──────── RECORDED DATA
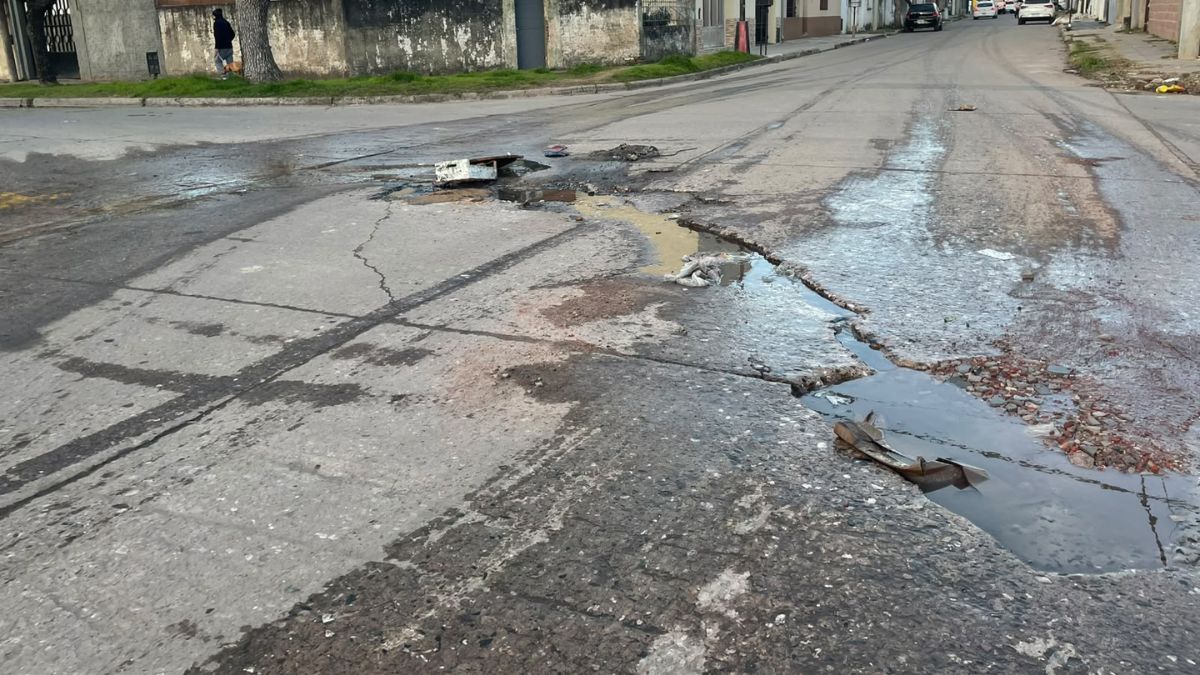 La calzada está totalmente deteriorada en el cruce de San Juan y Uruguay. La calzada está totalmente deteriorada en el cruce de San Juan y Uruguay.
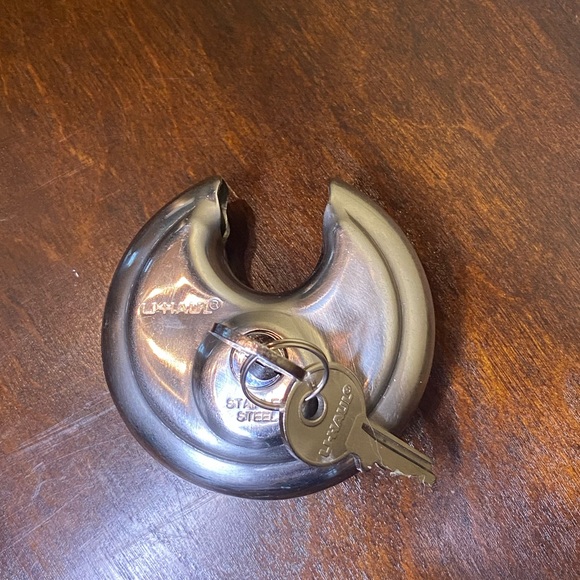 Storage 🔐Disc Lock 🔐 - Picture 3 of 4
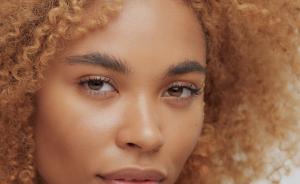 Colored contacts - sclera-lenses.com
────────────────
- _WHAT YOU ARE ASKED TO DO_: Your answer should contain all the material above, written out exactly, and none of the pictures.

- _THE ANSWER_:
 La calzada está totalmente deteriorada en el cruce de San Juan y Uruguay. La calzada está totalmente deteriorada en el cruce de San Juan y Uruguay.
 Storage 🔐Disc Lock 🔐 - Picture 3 of 4
 Colored contacts - sclera-lenses.com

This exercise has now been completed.